WORK ITEM: A word-for-word copy of the listing is what's needed; leave out every image.

RECORD EXTRACTS:

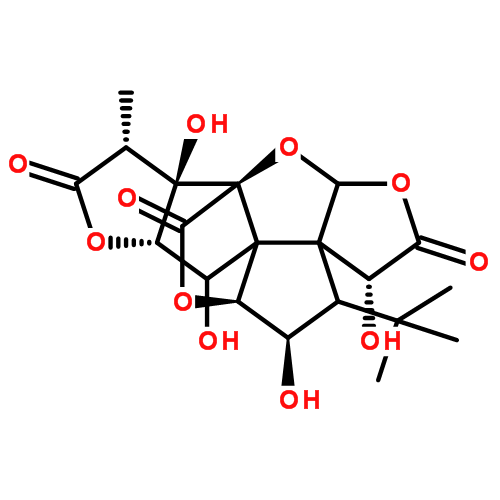 15291-76-6,C,׼Ʒ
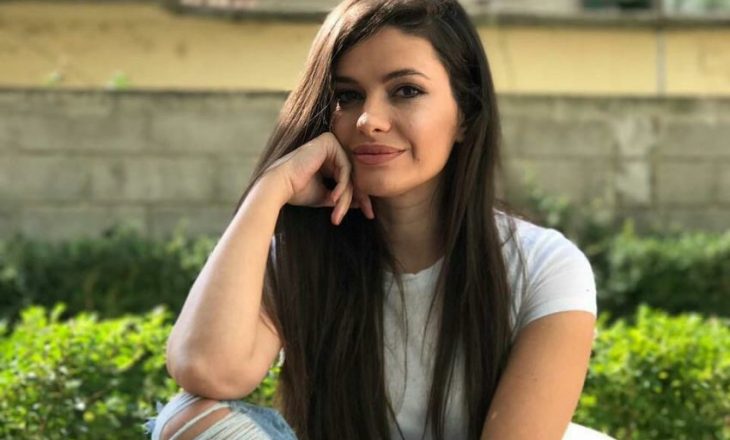 Zbulohet shkaktari i vdekjes së gazetares shqiptare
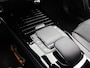 Mercedes-Benz A-klasse 180 Business Solution AMG | Stoelverwarming | Parkeerpakket met Camera | Car Play | LED Verlichting | Inclusief 24 maanden Mercedes-Benz Certified garantie voor Europa.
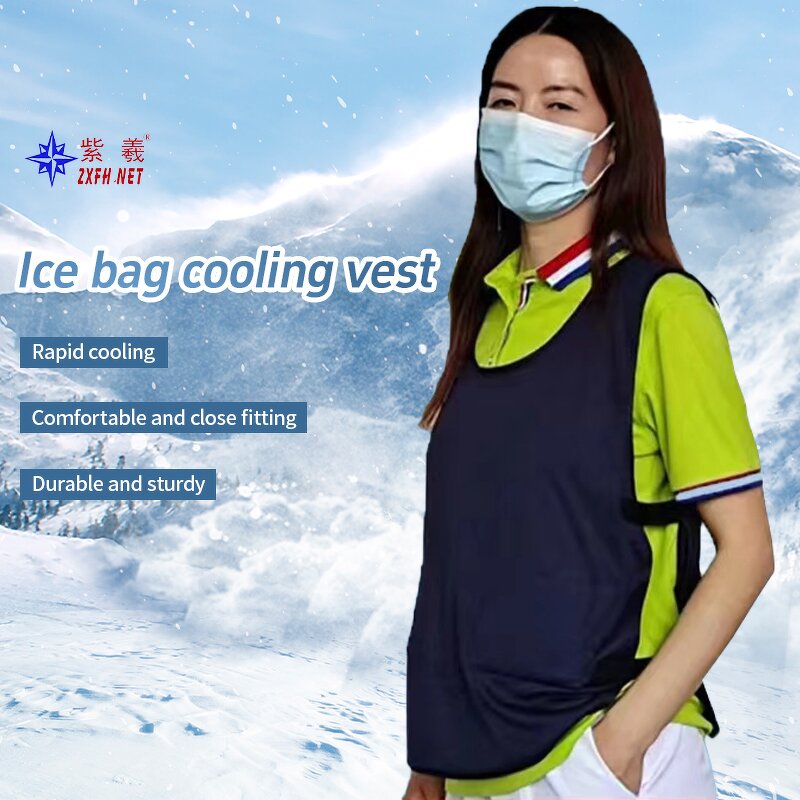 Portable High-Pressure Pump Supplier - ZiXi ZX-3MP 20L/MIN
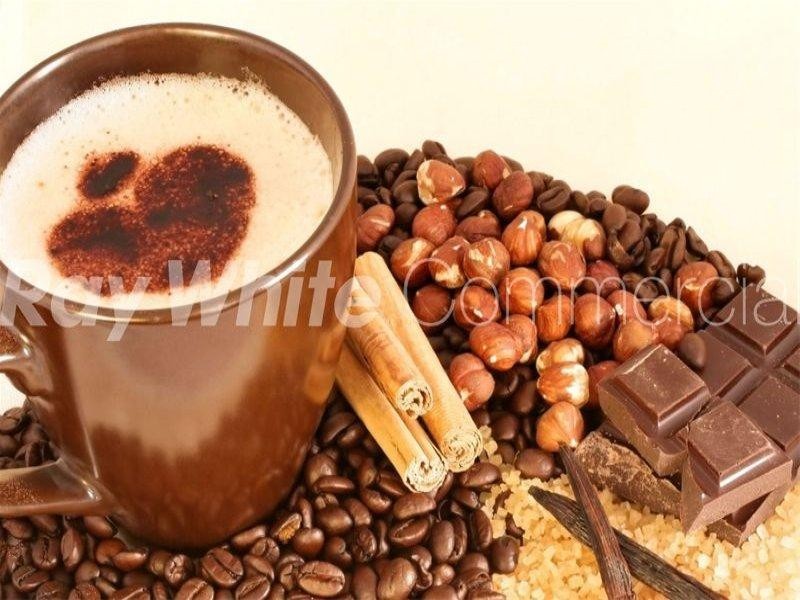 Hodgson Vale QLD 4352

EXPECTED ANSWER:
 15291-76-6,C,׼Ʒ
 Zbulohet shkaktari i vdekjes së gazetares shqiptare
 Mercedes-Benz A-klasse 180 Business Solution AMG | Stoelverwarming | Parkeerpakket met Camera | Car Play | LED Verlichting | Inclusief 24 maanden Mercedes-Benz Certified garantie voor Europa.
 Portable High-Pressure Pump Supplier - ZiXi ZX-3MP 20L/MIN
 Hodgson Vale QLD 4352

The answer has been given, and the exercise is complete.